Do Millennials Ever Think about Retirement?

When retirement seems so far away, the common thinking is, “I have plenty of time before I start to save”.  However, suddenly those thirty years fly by and you are ill prepared for that big day.  As a Certified Public Accountant, I can help guide my clients towards that day in which they retire.

It’s never too early; whether you have a six- figure job in Silicon Valley, or you are working at a fast-food restaurant.  According to a handful of financial advisors, that day is more nigh than they may think.  The first thing is to save now.  No amount is too small, just start now.  You can always increase the amount of your contribution at a later time.  It is a good habit to start and try not to miss any contribution to your plan.
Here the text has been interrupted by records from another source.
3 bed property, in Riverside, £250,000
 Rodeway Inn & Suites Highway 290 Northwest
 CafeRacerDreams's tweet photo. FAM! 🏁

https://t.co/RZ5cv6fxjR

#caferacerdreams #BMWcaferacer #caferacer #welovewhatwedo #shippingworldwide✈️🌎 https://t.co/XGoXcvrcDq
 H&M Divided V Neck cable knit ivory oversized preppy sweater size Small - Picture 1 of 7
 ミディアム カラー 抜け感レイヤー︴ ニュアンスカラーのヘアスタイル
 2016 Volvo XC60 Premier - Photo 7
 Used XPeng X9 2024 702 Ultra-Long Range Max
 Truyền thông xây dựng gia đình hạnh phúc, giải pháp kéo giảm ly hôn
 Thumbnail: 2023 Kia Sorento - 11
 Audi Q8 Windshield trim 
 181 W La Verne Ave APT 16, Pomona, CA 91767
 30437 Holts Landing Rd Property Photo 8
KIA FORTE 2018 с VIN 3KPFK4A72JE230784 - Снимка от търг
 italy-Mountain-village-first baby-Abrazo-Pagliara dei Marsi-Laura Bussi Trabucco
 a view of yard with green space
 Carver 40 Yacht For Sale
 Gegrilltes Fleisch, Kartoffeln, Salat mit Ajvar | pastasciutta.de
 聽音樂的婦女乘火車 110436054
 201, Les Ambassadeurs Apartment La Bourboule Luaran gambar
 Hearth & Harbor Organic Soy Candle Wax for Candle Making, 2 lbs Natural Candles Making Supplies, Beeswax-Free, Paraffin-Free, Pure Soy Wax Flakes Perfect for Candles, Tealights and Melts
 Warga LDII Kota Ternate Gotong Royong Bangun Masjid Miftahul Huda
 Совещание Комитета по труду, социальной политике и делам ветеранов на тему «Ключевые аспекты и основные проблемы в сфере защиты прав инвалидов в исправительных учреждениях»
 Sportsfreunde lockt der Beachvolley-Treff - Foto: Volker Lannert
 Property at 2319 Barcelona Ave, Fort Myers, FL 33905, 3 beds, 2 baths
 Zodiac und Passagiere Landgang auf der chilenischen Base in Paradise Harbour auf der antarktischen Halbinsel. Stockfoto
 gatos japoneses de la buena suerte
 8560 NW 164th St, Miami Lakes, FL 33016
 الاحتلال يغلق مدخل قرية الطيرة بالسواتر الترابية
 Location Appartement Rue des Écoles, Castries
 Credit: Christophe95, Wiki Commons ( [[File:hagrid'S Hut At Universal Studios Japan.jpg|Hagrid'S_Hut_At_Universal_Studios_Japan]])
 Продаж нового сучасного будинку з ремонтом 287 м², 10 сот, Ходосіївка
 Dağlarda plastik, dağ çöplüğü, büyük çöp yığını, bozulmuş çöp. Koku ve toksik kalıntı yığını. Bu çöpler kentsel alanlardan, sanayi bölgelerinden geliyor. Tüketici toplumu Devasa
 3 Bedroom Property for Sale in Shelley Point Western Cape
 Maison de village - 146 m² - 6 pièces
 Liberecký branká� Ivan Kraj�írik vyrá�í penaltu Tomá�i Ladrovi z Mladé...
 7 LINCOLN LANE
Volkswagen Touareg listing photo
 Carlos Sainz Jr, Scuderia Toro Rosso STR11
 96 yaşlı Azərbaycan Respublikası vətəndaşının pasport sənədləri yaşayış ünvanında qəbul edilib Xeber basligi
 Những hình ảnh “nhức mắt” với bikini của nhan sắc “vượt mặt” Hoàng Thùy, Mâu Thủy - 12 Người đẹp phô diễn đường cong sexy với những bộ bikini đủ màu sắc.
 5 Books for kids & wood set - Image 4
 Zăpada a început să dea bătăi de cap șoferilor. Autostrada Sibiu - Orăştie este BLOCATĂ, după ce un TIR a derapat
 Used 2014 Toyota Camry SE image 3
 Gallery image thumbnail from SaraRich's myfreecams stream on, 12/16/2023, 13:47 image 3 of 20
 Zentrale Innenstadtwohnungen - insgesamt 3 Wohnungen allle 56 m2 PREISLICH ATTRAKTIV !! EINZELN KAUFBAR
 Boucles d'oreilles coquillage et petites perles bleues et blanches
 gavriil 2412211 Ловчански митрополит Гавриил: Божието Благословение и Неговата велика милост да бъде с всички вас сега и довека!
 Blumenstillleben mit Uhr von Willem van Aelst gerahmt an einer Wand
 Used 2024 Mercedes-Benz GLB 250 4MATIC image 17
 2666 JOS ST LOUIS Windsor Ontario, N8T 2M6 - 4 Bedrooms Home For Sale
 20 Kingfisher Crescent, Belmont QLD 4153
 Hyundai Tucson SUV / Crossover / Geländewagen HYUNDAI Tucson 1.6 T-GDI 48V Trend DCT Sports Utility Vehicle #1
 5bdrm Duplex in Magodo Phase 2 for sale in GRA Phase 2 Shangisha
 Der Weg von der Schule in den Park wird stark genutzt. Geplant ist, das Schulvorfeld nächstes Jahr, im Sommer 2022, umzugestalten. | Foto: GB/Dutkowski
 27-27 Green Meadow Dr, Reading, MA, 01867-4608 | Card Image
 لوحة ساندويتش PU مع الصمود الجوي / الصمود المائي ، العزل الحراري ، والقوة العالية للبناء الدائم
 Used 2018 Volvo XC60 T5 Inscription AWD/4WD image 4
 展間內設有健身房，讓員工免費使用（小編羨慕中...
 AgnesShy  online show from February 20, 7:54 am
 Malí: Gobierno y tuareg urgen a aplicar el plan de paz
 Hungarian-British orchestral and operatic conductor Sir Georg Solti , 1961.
There are five things to remember:

  1. It’s never too early to start:  This is an often-repeated recommendation.  Generation X benefitted from this advice just as Boomers did.  Millennials are no exceptions to this advice.  If you wait until you are 30 instead of when you are 25, that means you could have 20% less in savings when the time comes, due to compounding interest and value appreciation.  If you wait until you are 35 you could be missing out on 40%.     
  2. Your challenges get greater:  You’ve probably noticed that five to six-figure college debt you accumulatedIt’s tough to balance retirement savings with paying down student loans and paying for a house.  Other generations did not experience these issues.  You can start with a small contribution to your retirement and increase it 1% per year.
  3. Don’t rely on Social Security:  FinancialPlanners say it is a misnomer that Social Security will not be there for millennials.  It’ll still be there, but not at the generous levels of today.  You can plan on it being there, but don’t use it as a crutch.  If your company has a 401(k), at the very least, save what it takes in order to get the maximum match from your company; otherwise you’re giving away free money.  Index funds, exchange traded funds, and mutual funds are sound investment vehicles.
  4. Get advice from anywhere:  A good starting point might be your parents, who experienced the financial crisis of 2008 – 2009.  This could be a learning experience to help avoid the   related hardships.  You can also get advice from mutual fund companies, stock brokerages and financial advisors, who usually have retirement advice on their websites. 
  5. Visit the tool box: There are countless digital tools on line and retirement calculators.  You should check the website of the financial institution you are using.